*Provided material:*
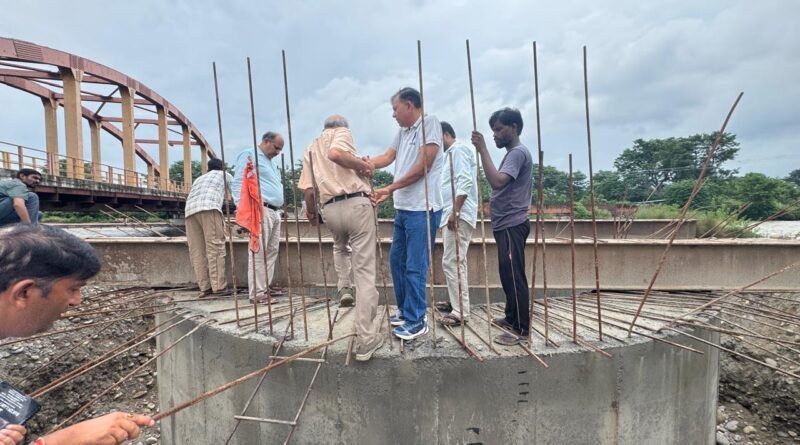 कुंभ मेला-2027 की तैयारियां तेज, निर्माणाधीन पुलों की प्रगति और गुणवत्ता का अधिकारियों ने किया स्थलीय निरीक्षण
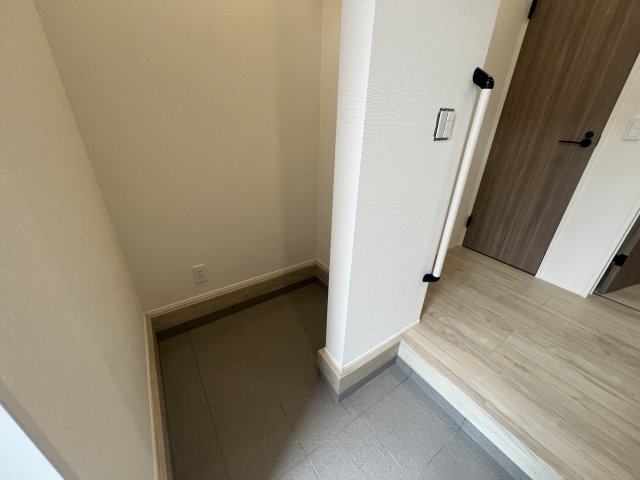 敷地50坪超・南西角地・平屋という最強が詰まった新築戸建◎の玄関|毎日通る玄関はこちらです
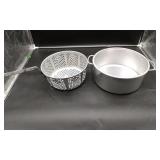 Aluminum Boiling Pot W/Strainer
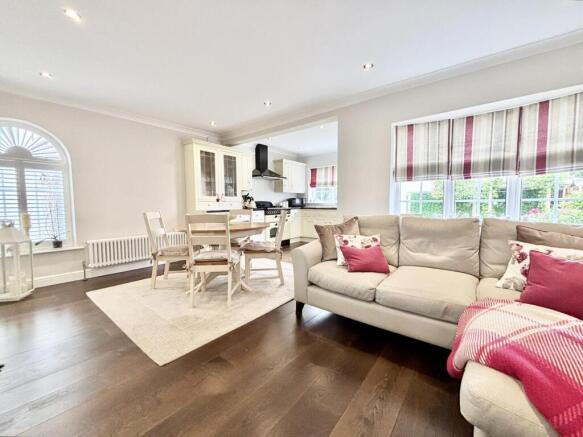 4 bed Detached for sale Image 7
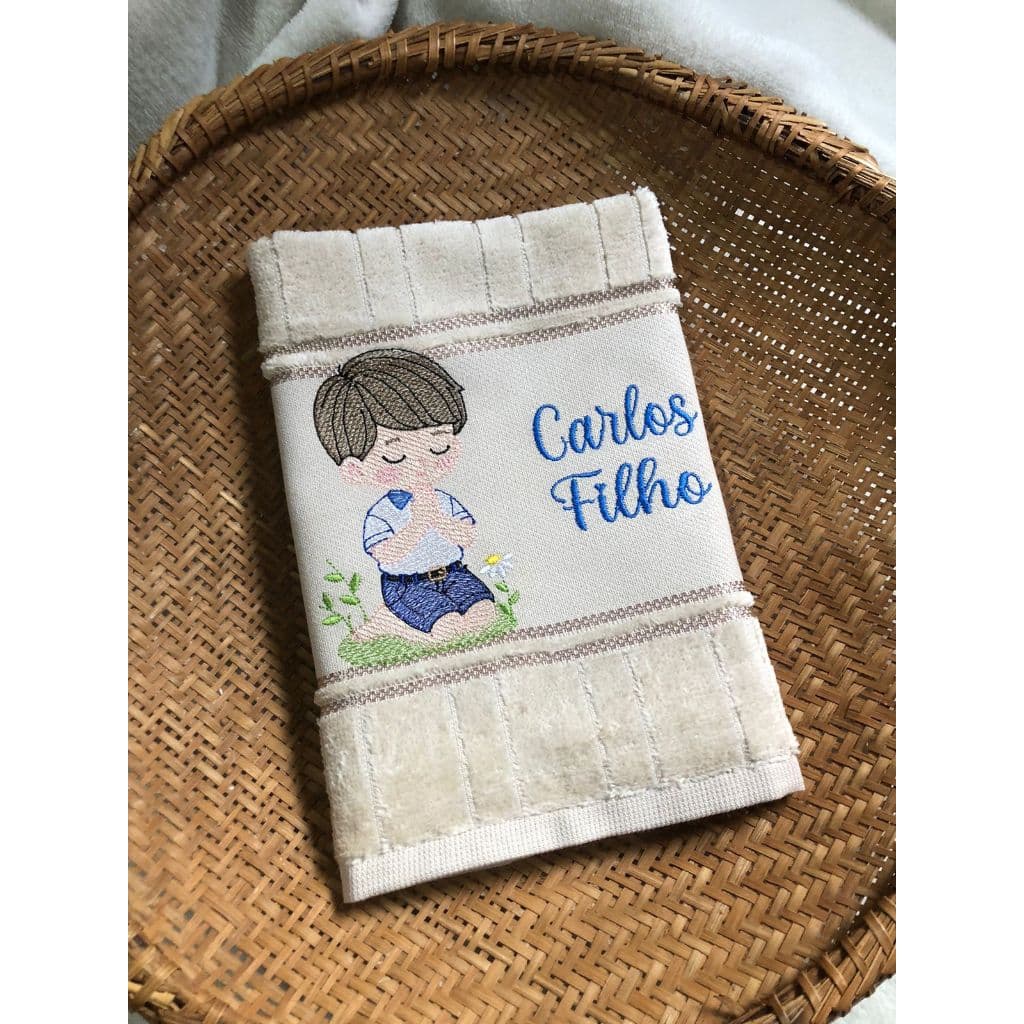 Toalha de mão bordada menino rezando batismo primeira comunhão nome personalizado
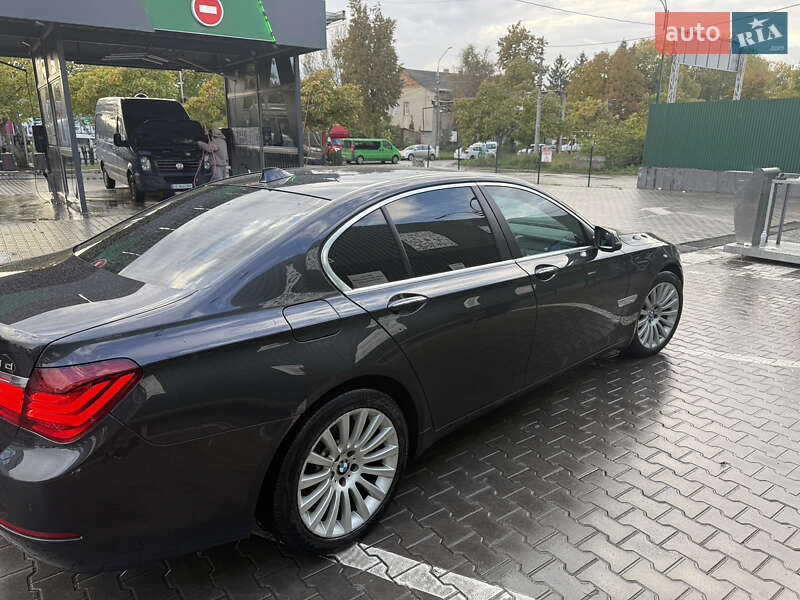 Седан BMW 7 Series 2013 в Черновцах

*Problem description:*
Restate each entry word for word. Omit every picture.

*Answer for this exercise:*
 कुंभ मेला-2027 की तैयारियां तेज, निर्माणाधीन पुलों की प्रगति और गुणवत्ता का अधिकारियों ने किया स्थलीय निरीक्षण
 敷地50坪超・南西角地・平屋という最強が詰まった新築戸建◎の玄関|毎日通る玄関はこちらです
 Aluminum Boiling Pot W/Strainer
 4 bed Detached for sale Image 7
 Toalha de mão bordada menino rezando batismo primeira comunhão nome personalizado
 Седан BMW 7 Series 2013 в Черновцах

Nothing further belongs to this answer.